Oh, how dare he? Grief was all I was. Grief and revenge, walking. “For the record, you’ve been dead for three days. And I am so not doing this. Get out of here. Go. Away.” I knocked his hands away from my head and stormed past him. “I’m not defending my reasons for doing what I did to you, when you aren’t even really here. That’s too psychotic, even for me.”
He grabbed me and swung me back around. “You’d better believe I’m here, Ms. Lane, and you’d better believe I’ll kill you. You could not have proved your loyalties—or lack thereof—any more completely. You jumped on me the second Ryodan said I was a threat and took me out without an instant’s hesitation—”
“I hesitated! I hated killing my guardian beast! Ryodan told me I had to! I didn’t know it was you!” Great. Now I was arguing with the Sinsar Dubh’s fake Barrons about killing him. Why would it want to do this to me? What could the Book possibly gain from making me live this fight?
“You should have known!” he exploded.
I knew I should end it, stop the illusion now, but I couldn’t.
Being around Barrons has always made me fire on all pistons, and it didn’t seem to matter a bit that I knew this Barrons was a mirage. Some people bring out the worst in you, others bring out the best, and then there are those remarkably rare, addictive ones who just bring out the most. Of everything.
They make you feel so alive that you’d follow them straight into hell, just to keep getting your fix.

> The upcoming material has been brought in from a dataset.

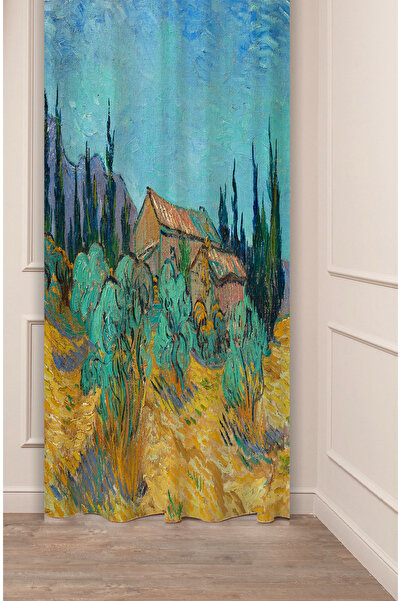 GREENDECOR Van Gogh Wooden House Olive Trees Garden Famous Artwork Painting Patterned Digital Printed (Single Wing) Background Curtain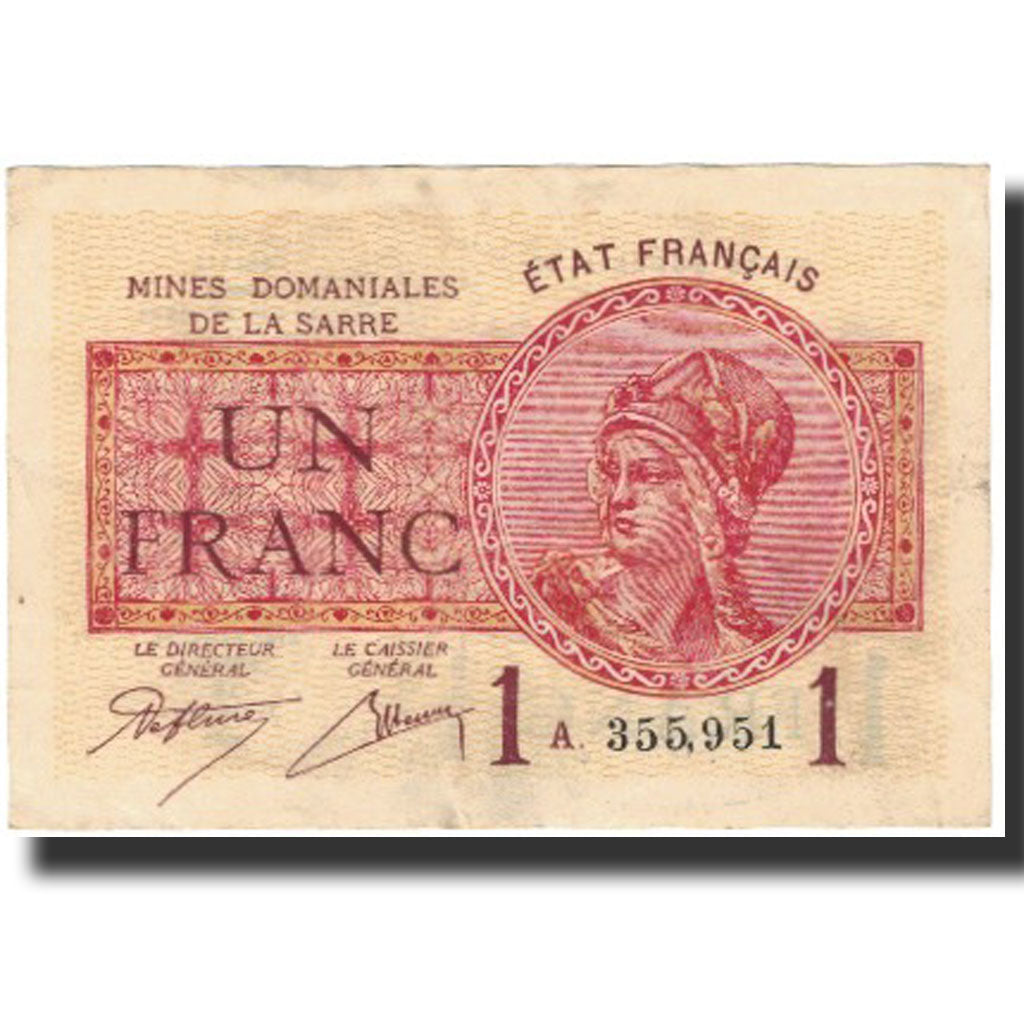 France, 1 Franc, 1919, Mine Domaniale de La Sarre, EF(40-45), Fayette:VF51.1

“How should I have known? Because you’ve always been so honest with me? Because sharing information is what Jericho Barrons does best, where he really shines? No, because you’d bothered to warn me what might happen if I pressed IYD. Wait, I have it: I should have known because you’d confided in me—in the same trusting and open way we’ve shared so many confidences—that sometimes you turn into a nine-foot-tall, horned, insane monster!”
“I am not insane. I was sane enough to piss circles around you. I killed food for you. I picked up your things. Who else do you know that would have done that? V’lane doesn’t have dick enough to piss with. Your little MacKeltar doesn’t have the balls to own his actions. He certainly isn’t capable of doing what it takes to own a woman!”
“Own? You think women can be owned?”
He gave me a look that said, Oh, honey, of course they can. Have you forgotten so quickly?
“I was Pri-ya!”
“And I liked you much better then!” His eyes narrowed as if he’d only finally processed something I’d said earlier. “I’ve been dead for you for only three bloody days? And you already had Darroc up against my wall out back two nights ago? You waited one fucking day to line up my replacement? I spent weeks worrying about whether he would scrape my brand off your skull and I wouldn’t be able to track you in the Silvers. The entire time I was trying to get back to save your ass from him, you were giving him a piece of it!”
“I didn’t give Darroc a piece of anything!” Get back from what, where? Being dead?
“A woman doesn’t rub herself up against a man like that unless she’s fucking him.”
“You don’t know the first thing about what I was and wasn’t doing. Ever heard of going undercover? Sleeping with the enemy?”
“ ‘I think you should be king, Darroc,’ ” he mocked in falsetto, “ ‘and if you want me, I would be honored to be your queen.’ ”
I gaped.
“Isn’t that what you said?”
“What were you doing—spying on me? And if you’re Barrons, you know better than to believe words.”
“Because your actions speak so well of you, do they? Where did you sleep last night, Ms. Lane? It wasn’t here. My bookstore was wide open. Your bedroom was upstairs waiting. So was your fucking honor.”